THE TASK: Produce a word-for-word copy of the lines from the one that contains "Image 64Independence Rock, a" to the final line of the data below, with all pictures dropped.

DATA SHOWN:
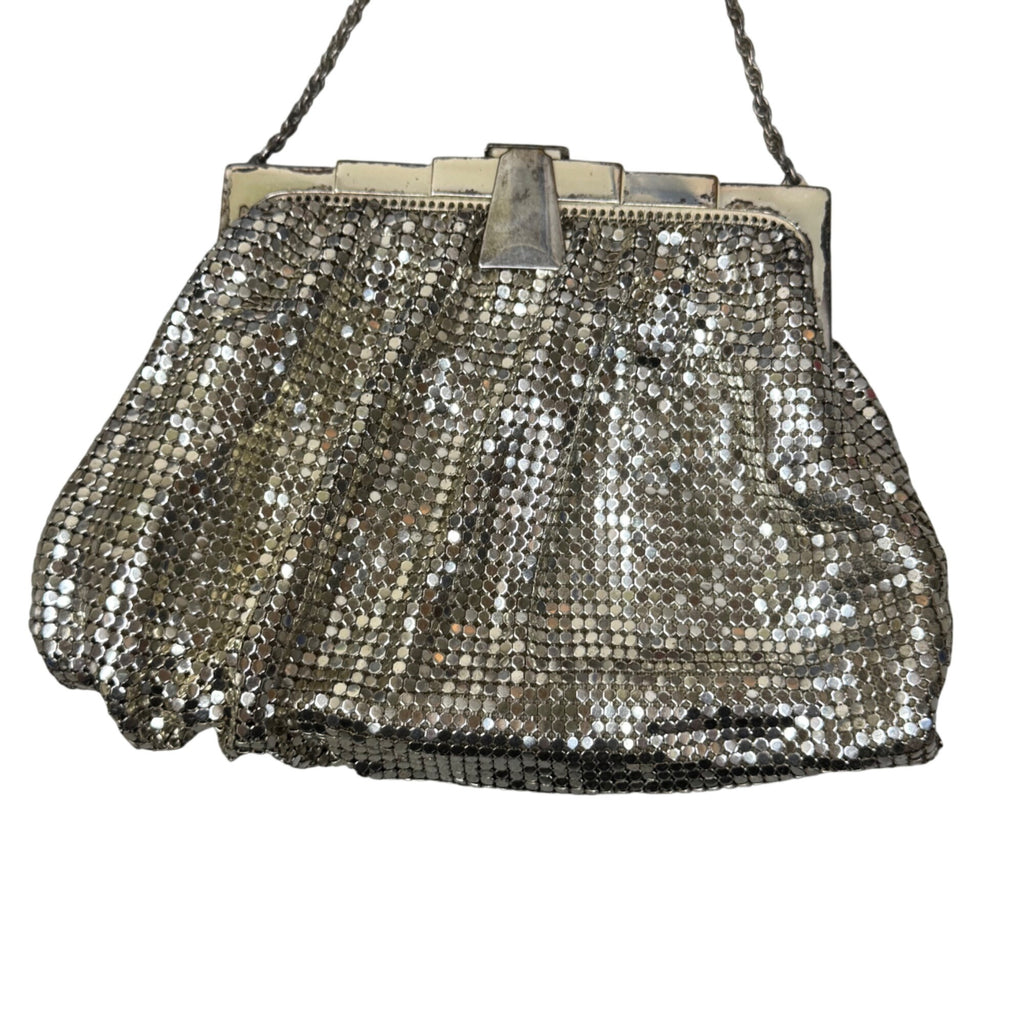 Vintage Whiting & Davis Silver Mesh Evening Bag Flapper Art Deco Kiss Lock Purse
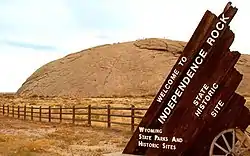 Image 64Independence Rock, a famous Wyoming landmark along the Oregon Trail (from History of Wyoming)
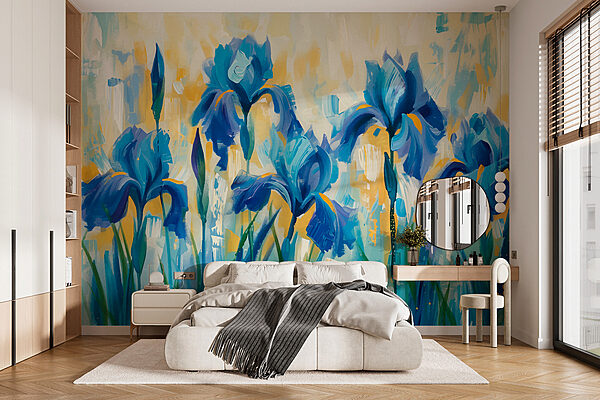 Painting of blue flowers Painting of blue flowers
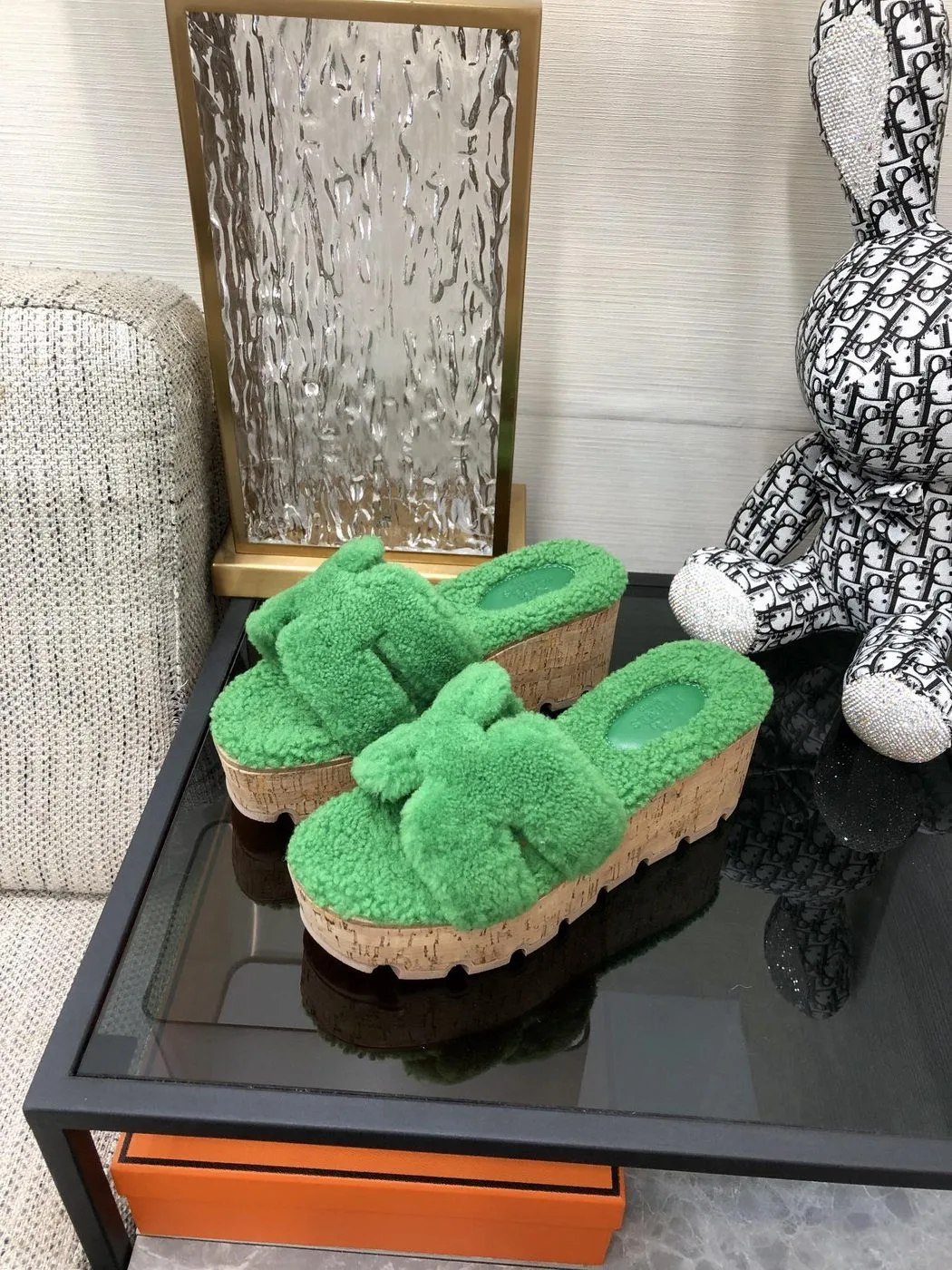 Hermes Figari Sandal Green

SOLUTION TO THIS TASK:
 Image 64Independence Rock, a famous Wyoming landmark along the Oregon Trail (from History of Wyoming)
 Painting of blue flowers Painting of blue flowers
 Hermes Figari Sandal Green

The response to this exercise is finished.